What is being asked: Only the lines below, from the one with "a hot tub sitting" through the one with "2007 Dodge Nitro", are to be written out, exactly.

[Data extracts — start]

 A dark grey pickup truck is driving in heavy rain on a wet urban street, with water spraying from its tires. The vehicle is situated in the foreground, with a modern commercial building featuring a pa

[Data extracts — finish]
[Data extracts — start]

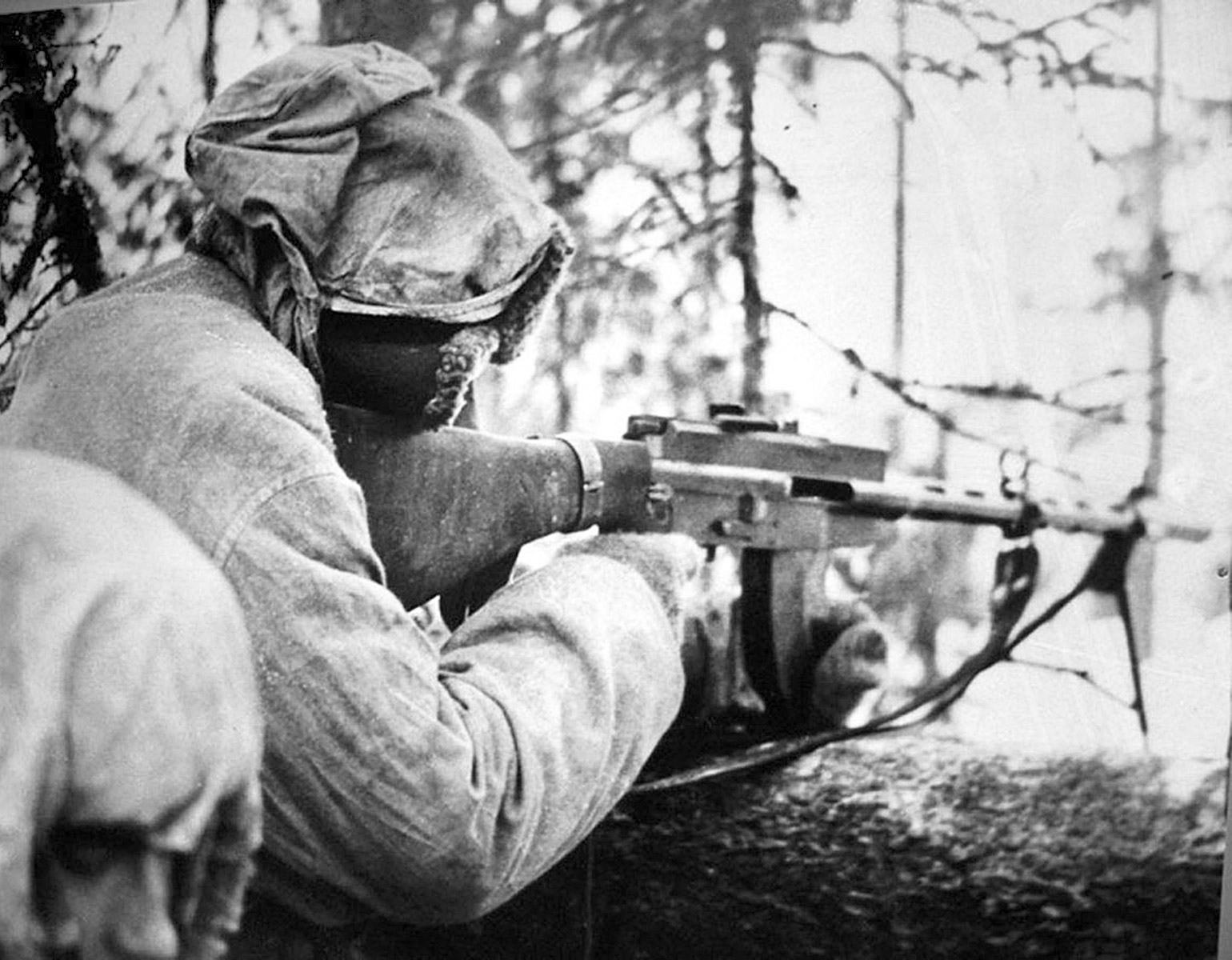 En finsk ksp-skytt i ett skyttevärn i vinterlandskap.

[Data extracts — finish]
[Data extracts — start]

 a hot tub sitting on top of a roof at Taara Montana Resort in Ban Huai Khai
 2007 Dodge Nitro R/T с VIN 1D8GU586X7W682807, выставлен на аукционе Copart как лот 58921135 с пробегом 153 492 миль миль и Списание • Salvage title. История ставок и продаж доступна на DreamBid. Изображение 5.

[Data extracts — finish]

Exercise result:
 a hot tub sitting on top of a roof at Taara Montana Resort in Ban Huai Khai
 2007 Dodge Nitro R/T с VIN 1D8GU586X7W682807, выставлен на аукционе Copart как лот 58921135 с пробегом 153 492 миль миль и Списание • Salvage title. История ставок и продаж доступна на DreamBid. Изображение 5.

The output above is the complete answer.